◆ Exercise ◆
Would you restate, word for word, only the lines starting at the one with "raw dog bone" and ending with the final line of the entries below? Pictures stay out.

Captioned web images
————

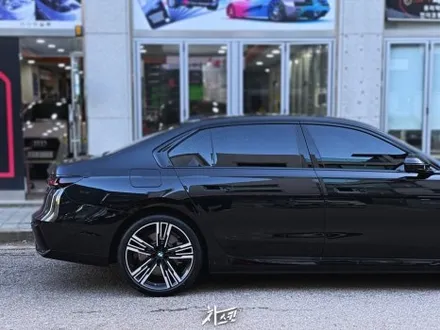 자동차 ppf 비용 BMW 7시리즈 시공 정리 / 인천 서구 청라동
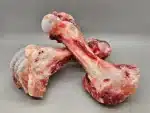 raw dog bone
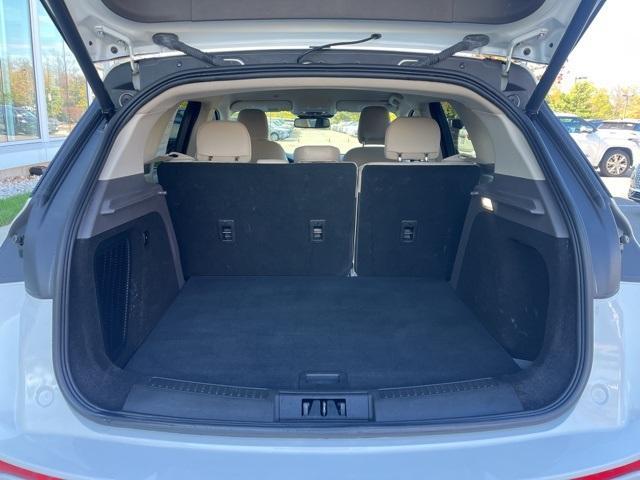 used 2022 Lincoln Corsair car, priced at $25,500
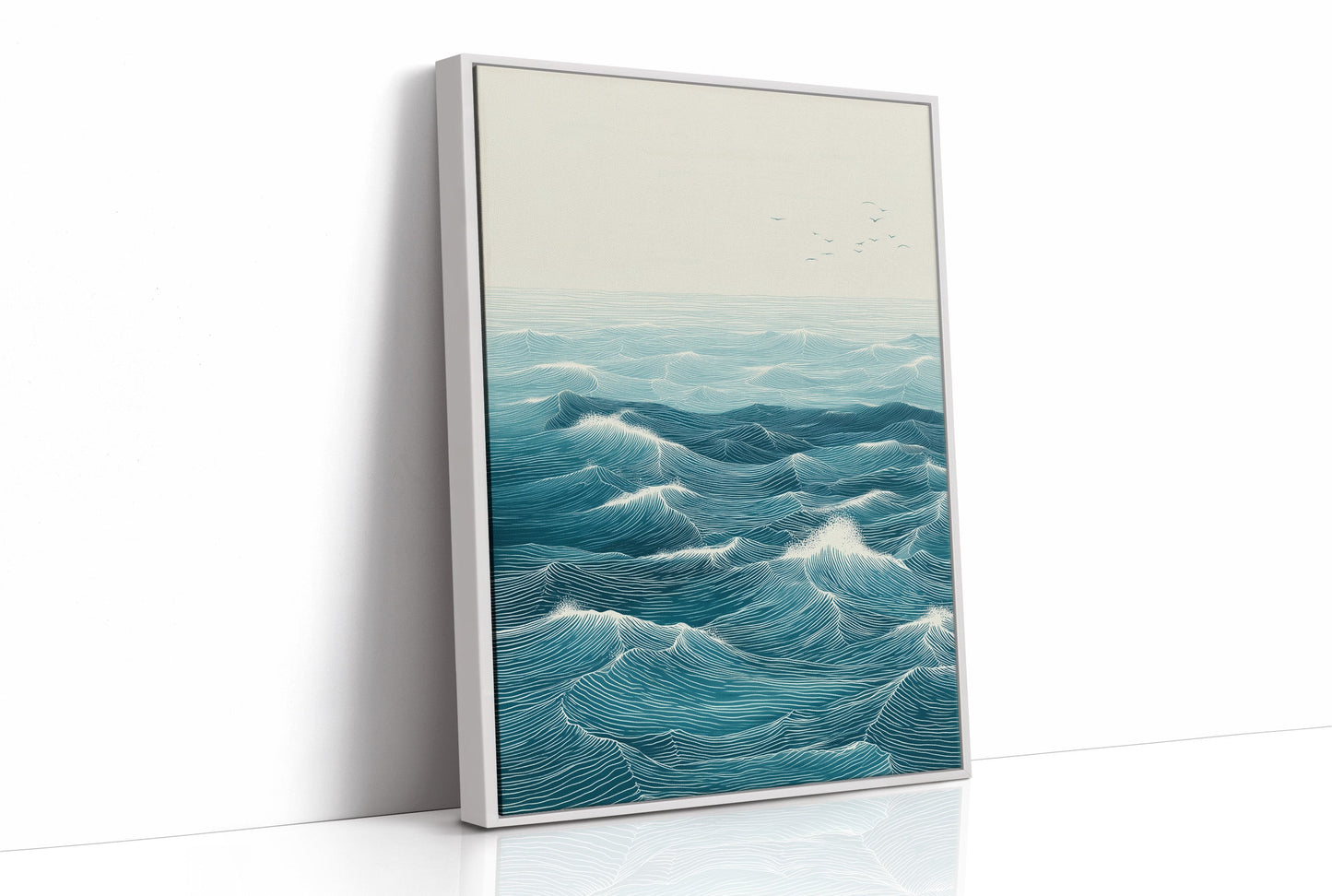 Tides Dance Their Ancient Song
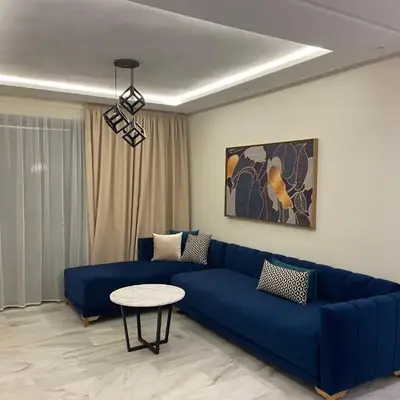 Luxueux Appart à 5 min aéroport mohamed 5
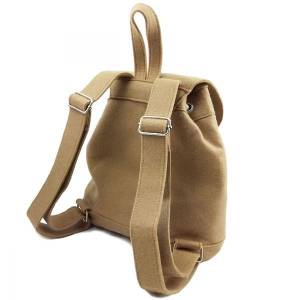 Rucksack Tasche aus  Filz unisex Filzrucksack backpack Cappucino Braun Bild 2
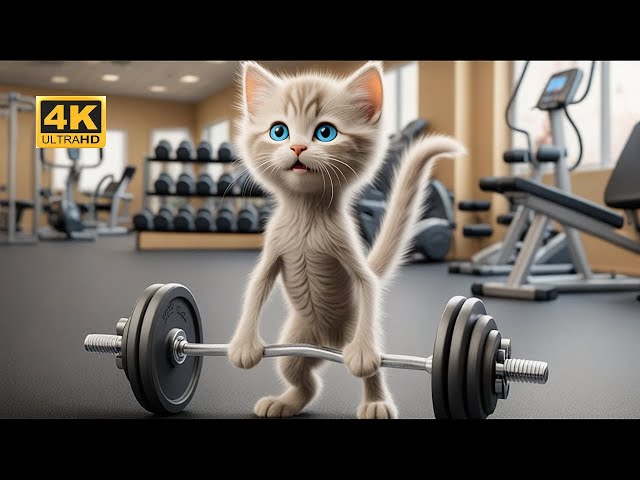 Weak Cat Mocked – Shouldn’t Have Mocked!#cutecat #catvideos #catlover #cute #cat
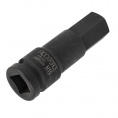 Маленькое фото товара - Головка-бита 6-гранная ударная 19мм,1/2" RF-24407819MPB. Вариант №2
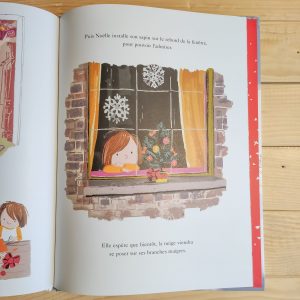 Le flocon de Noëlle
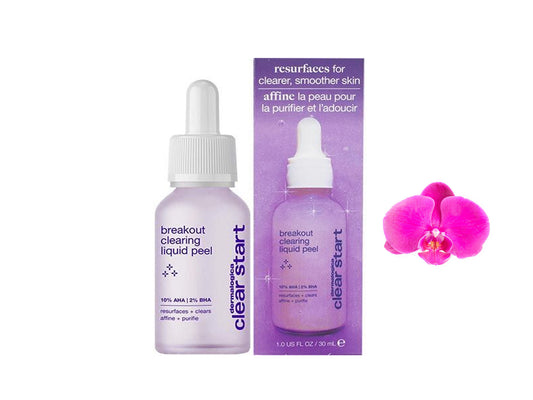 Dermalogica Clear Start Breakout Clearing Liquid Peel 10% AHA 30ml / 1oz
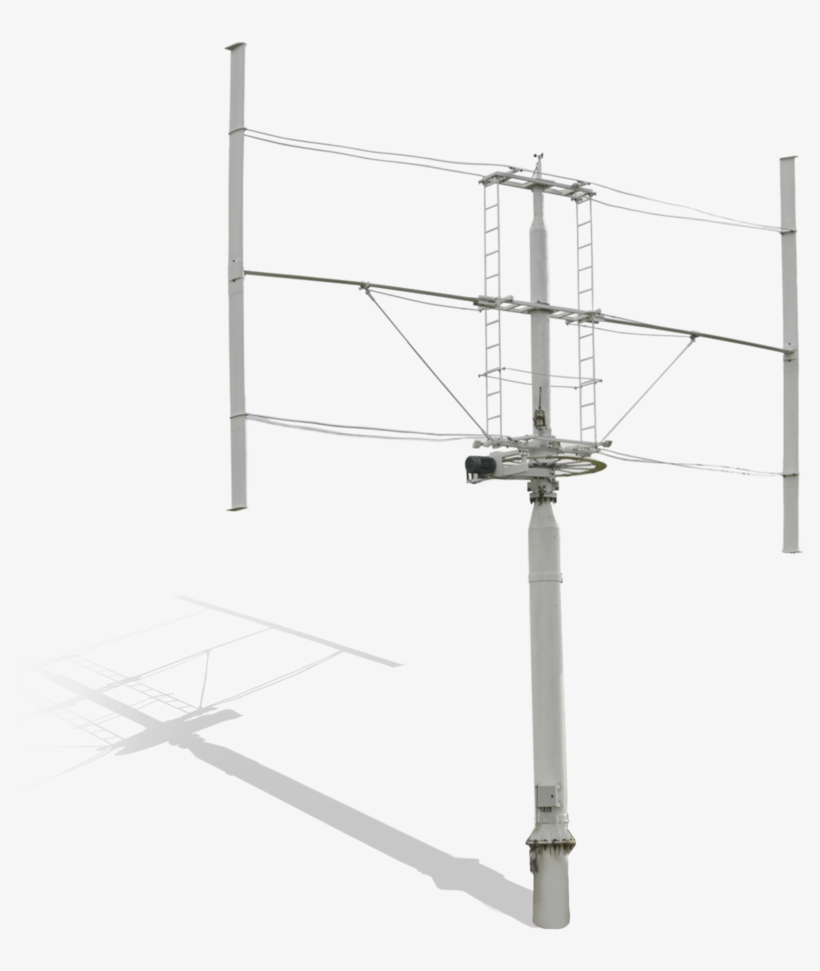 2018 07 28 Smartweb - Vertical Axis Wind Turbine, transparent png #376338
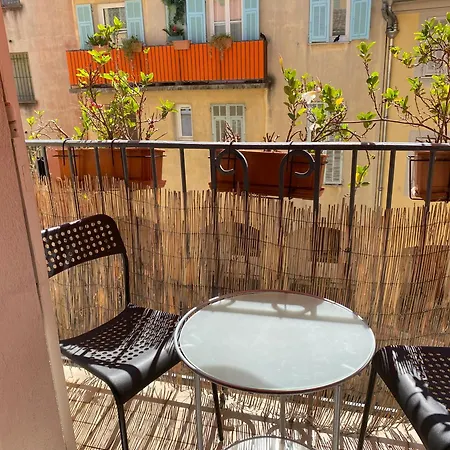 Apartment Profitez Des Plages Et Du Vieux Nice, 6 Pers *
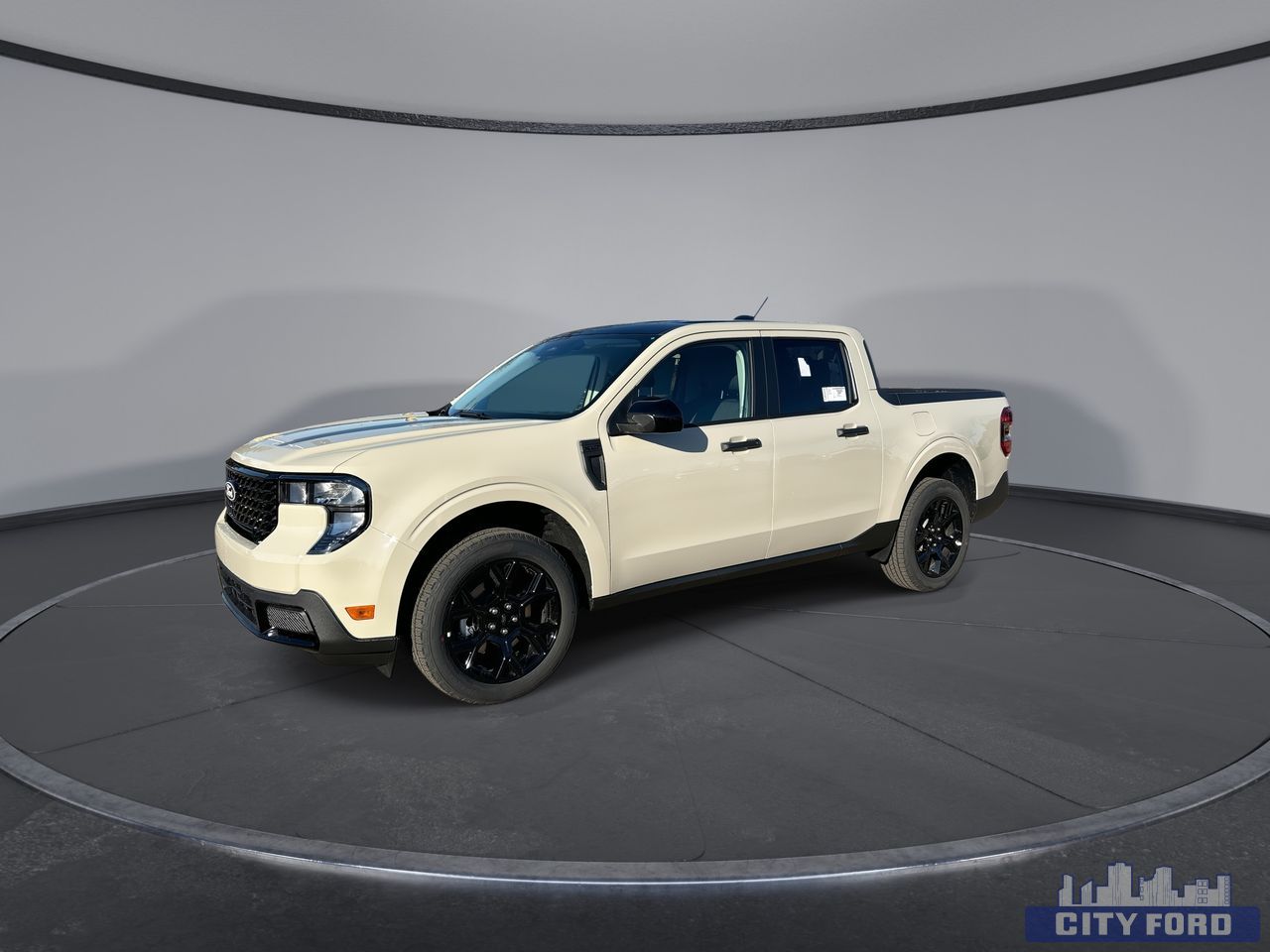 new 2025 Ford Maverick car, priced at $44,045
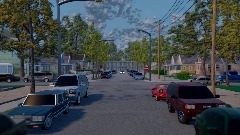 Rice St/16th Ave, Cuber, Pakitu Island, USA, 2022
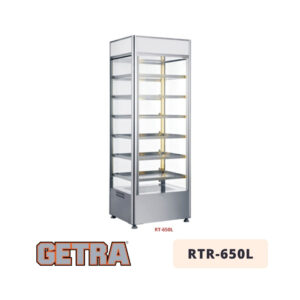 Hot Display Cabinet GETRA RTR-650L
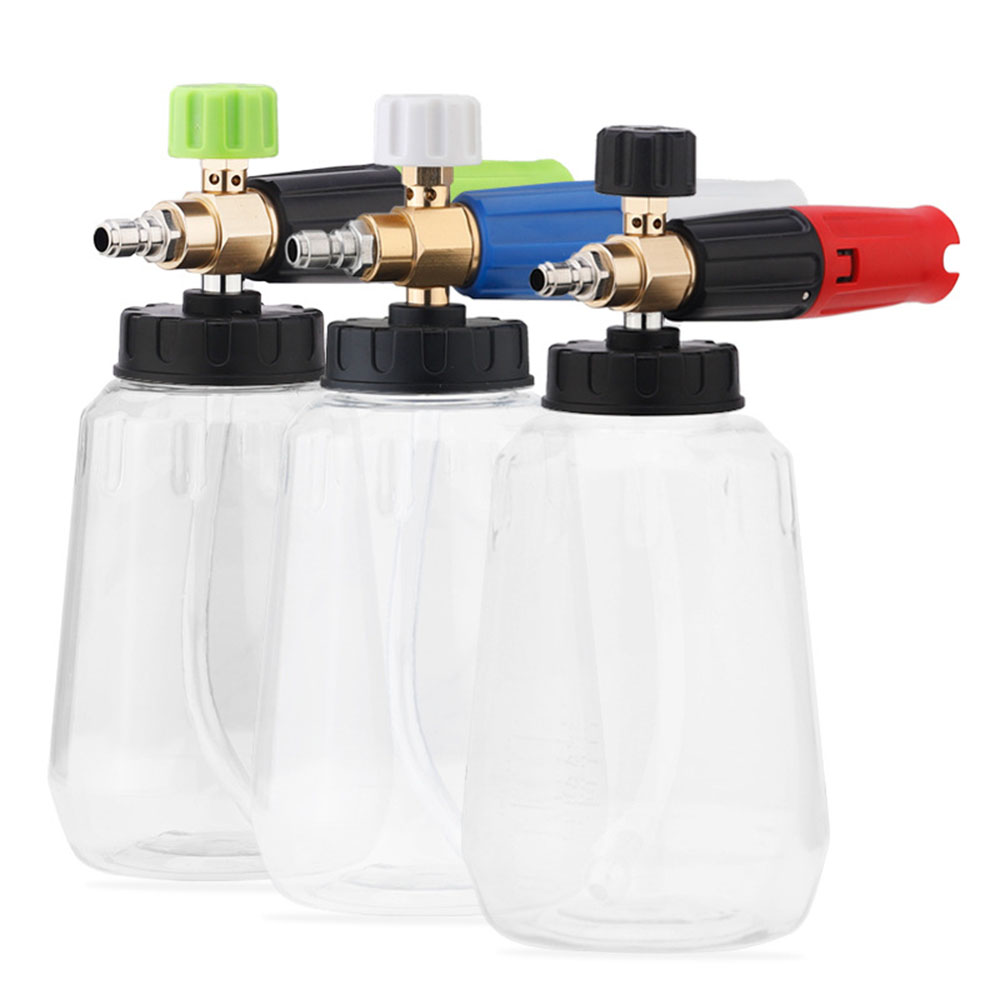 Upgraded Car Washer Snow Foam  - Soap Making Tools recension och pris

————

◆ Task response ◆
 raw dog bone
 used 2022 Lincoln Corsair car, priced at $25,500
 Tides Dance Their Ancient Song
 Luxueux Appart à 5 min aéroport mohamed 5
 Rucksack Tasche aus  Filz unisex Filzrucksack backpack Cappucino Braun Bild 2
 Weak Cat Mocked – Shouldn’t Have Mocked!#cutecat #catvideos #catlover #cute #cat
 Маленькое фото товара - Головка-бита 6-гранная ударная 19мм,1/2" RF-24407819MPB. Вариант №2
 Le flocon de Noëlle
 Dermalogica Clear Start Breakout Clearing Liquid Peel 10% AHA 30ml / 1oz
 2018 07 28 Smartweb - Vertical Axis Wind Turbine, transparent png #376338
 Apartment Profitez Des Plages Et Du Vieux Nice, 6 Pers *
 new 2025 Ford Maverick car, priced at $44,045
 Rice St/16th Ave, Cuber, Pakitu Island, USA, 2022
 Hot Display Cabinet GETRA RTR-650L
 Upgraded Car Washer Snow Foam  - Soap Making Tools recension och pris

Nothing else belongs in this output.